ActOral à Marseille
Paroles en l’ère
Qui sait tout n’a finalement plus besoin de se déplacer. C’est pourquoi nous continuons au fil du temps de partir à la (re)découverte du festival ActOral. Parce que chaque année, des noms nouveaux, des artistes inconnus de ce côté-ci de la France attirent notre curiosité. Mais ne nous y trompons pas, en 2013, ActOral voit aussi les choses en grand.
Pour esquisser quelque chose, il faut bien s’appuyer sur un vécu, alors on s’arrête sur des noms déjà connus, à commencer par la venue de Rodrigo Garcia, l’auteur de la formidable Histoire de Ronald le clown de McDonald’s, programmée par le Merlan en 2006. Chez Rodrigo Garcia, l’outrance est une qualité, parce qu’elle nous colle la tête au pare-brise pour mieux comprendre notre participation à une bêtise orchestrée et mondialisée.

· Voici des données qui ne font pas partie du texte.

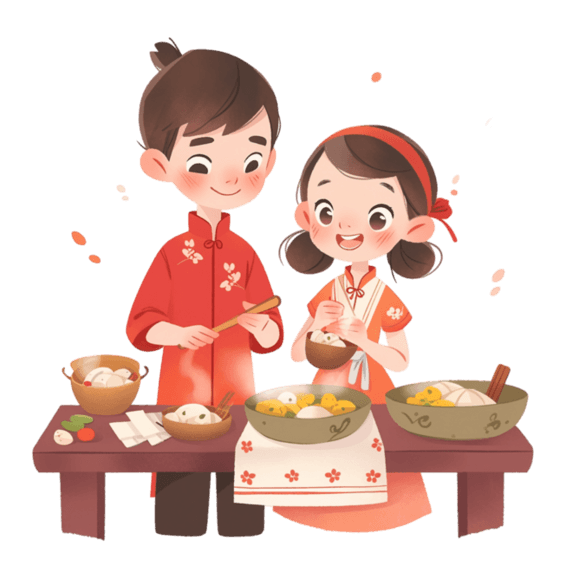 潮国创意手绘新年情侣做糕点卡通元素春节做饭包饺子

De bêtise et même de violence, il en est aussi question chez Jonathan Capdevielle qui, dans une sensibilité affirmée (un coming out), nous montre ce que l’on s’inflige quand on affiche sa différence. Mais ActOral sait aussi donner la parole aux jeux de mots et à quelque chose d’indéfini que l’on pourrait appeler, pour reprendre les termes de son parrain Anne James Chaton, la nomologie, une science de l’écriture dans une construction et une déconstruction propices à de nouveaux assemblages de formes. Et là, ça se complique parce que le spectateur perd ses repères et ses têtes d’affiches pour entrer dans un monde ouvert où certains artistes arrivent puis disparaissent et où ce qui fait sens, c’est le nombre et la vue d’ensemble. On sépare souvent la danse de la littérature, comme si l’esprit refusait les mots pour mieux déambuler dans le silence des pas feutrés. Alors quelle bonne nouvelle de découvrir qu’Olivia Grandville, jeune danseuse à l’Opéra de Paris puis convertie au génie de Dominique Bagouet et enfin autonome avec l’affirmation de son nom, oser franchir le pas du côté des mots. On se réjouit également de la venue de Gustavo Giacosa, partenaire de longue date de Pipo del Bono, qui n’a pas son pareil pour transmettre une folie contagieuse libérant le sujet et l’affranchissant de la norme. De la danse au théâtre, il n’y a évidemment qu’un pas. Ce qui pose la question de l’espace de représentation : le théâtre est-il toujours le lieu adéquat ? Gisèle Vienne nous avait proposé de suivre des familles sur une patinoire dans une ronde propice à toutes les rencontres avec Eternelle idole. Elle est présente cette année à ActOral et on prend vite la mesure d’une programmation majeure qui a voulu se mettre à la hauteur des ambitions de la Capitale européenne de la Culture. On le voit bien, ActOral se place clairement du côté de la multiplicité et de l’éclatement des frontières avec une porte ouverte à la première ou la deuxième chance, pour tenter d’élargir un territoire qui ne se contrôle plus, et c’est bien là le but.